Data excerpts:
+--

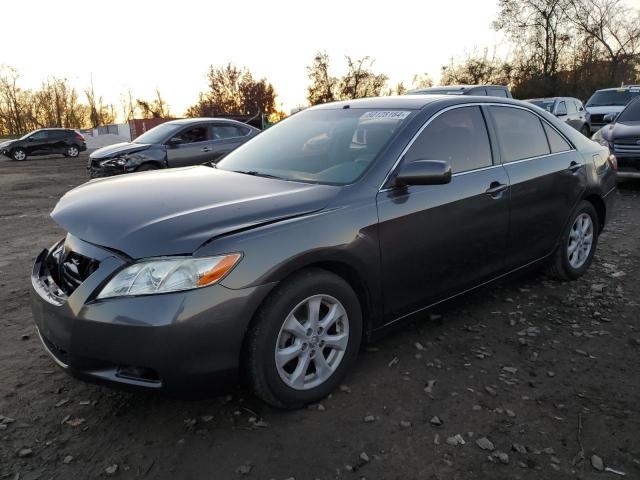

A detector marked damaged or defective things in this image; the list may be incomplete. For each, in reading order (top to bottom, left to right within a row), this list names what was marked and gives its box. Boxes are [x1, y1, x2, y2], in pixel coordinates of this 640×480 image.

dented hood [52, 167, 340, 260]
exposed headlight housing [96, 253, 241, 298]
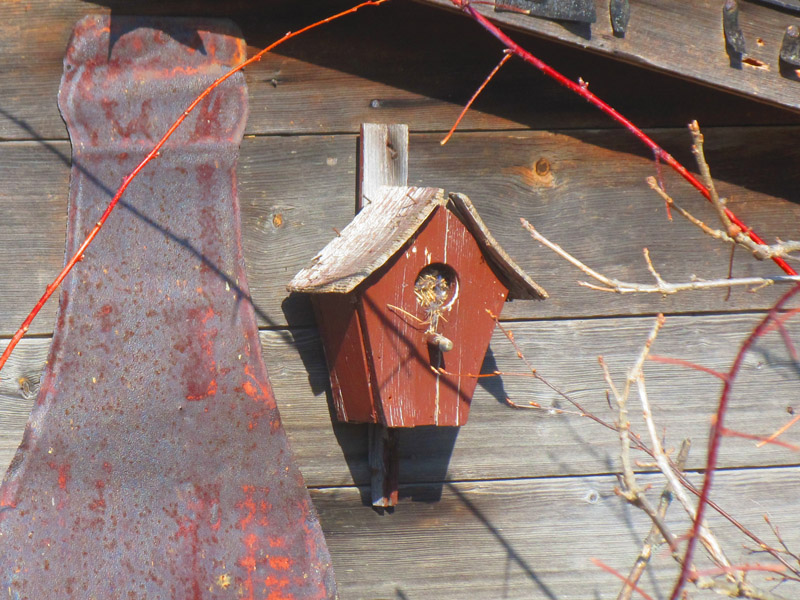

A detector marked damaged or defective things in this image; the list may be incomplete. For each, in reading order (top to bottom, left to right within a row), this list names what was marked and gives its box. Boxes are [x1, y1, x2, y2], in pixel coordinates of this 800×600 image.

rusty metal sheet [0, 14, 334, 600]
rust-stained metal [0, 15, 334, 600]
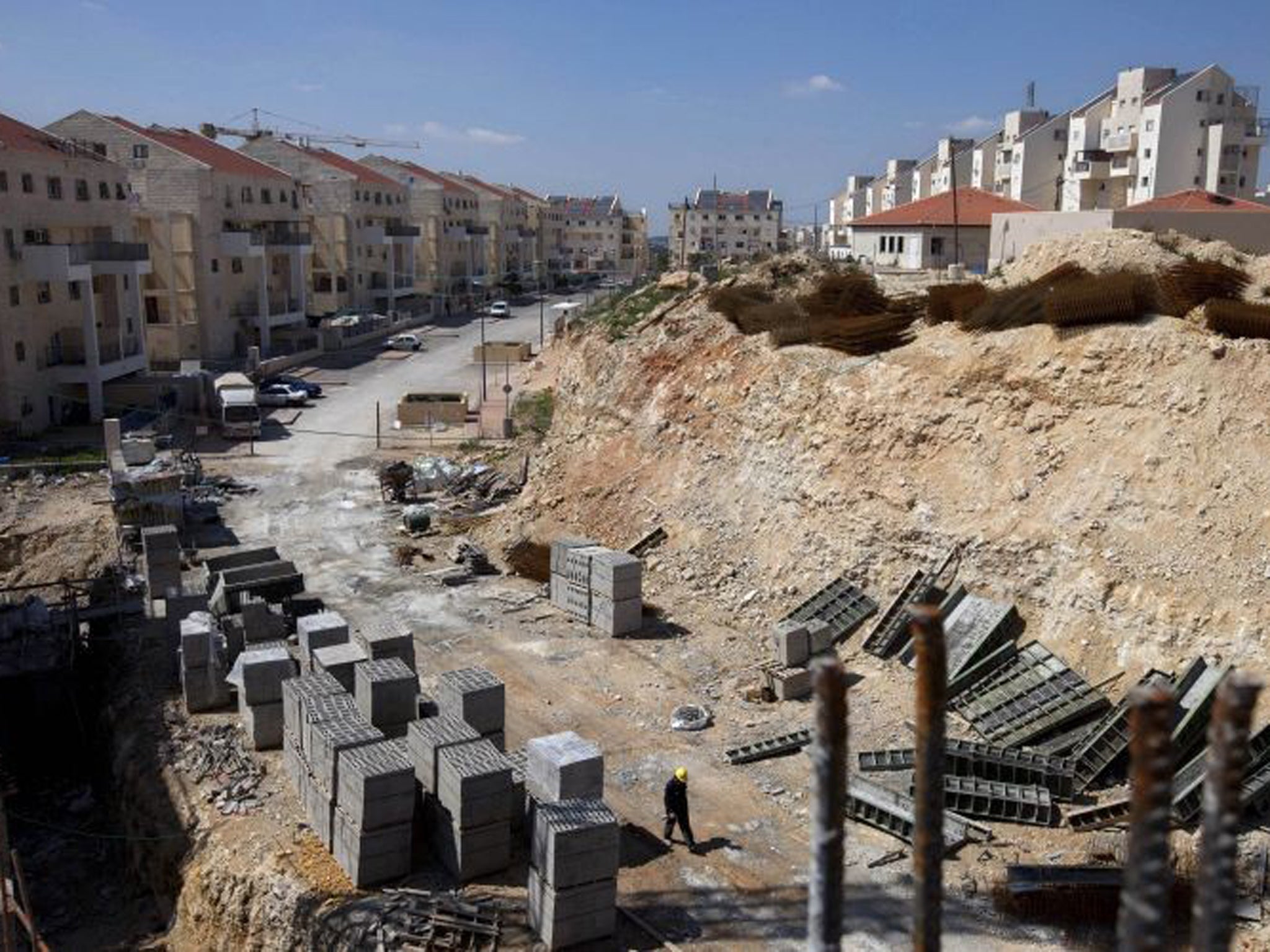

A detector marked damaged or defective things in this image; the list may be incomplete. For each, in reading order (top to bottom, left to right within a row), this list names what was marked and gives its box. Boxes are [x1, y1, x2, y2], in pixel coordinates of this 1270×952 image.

+--

● **EXERCISE AIM**:
Output the line that contains "this 800×600 image." and every subsequent line through the end of the entries, exactly as given, without pictures.

● **EXERCISE ANSWER**:
A detector marked damaged or defective things in this image; the list may be incomplete. For each, in reading order (top to bottom, left to right within a row), this list names what was marked and gives its box. Boxes are [x1, y1, x2, y2], in pixel coordinates of this 800×600 image.

rusty metal sheet [0, 14, 334, 600]
rust-stained metal [0, 15, 334, 600]

A detector marked damaged or defective things in this image; the list may be incomplete. For each, in reading order (top to bottom, left to right within a row), this list names what was marked and gives its box. Boxes are [x1, y1, x2, y2], in pixel coordinates of this 1270×952 image.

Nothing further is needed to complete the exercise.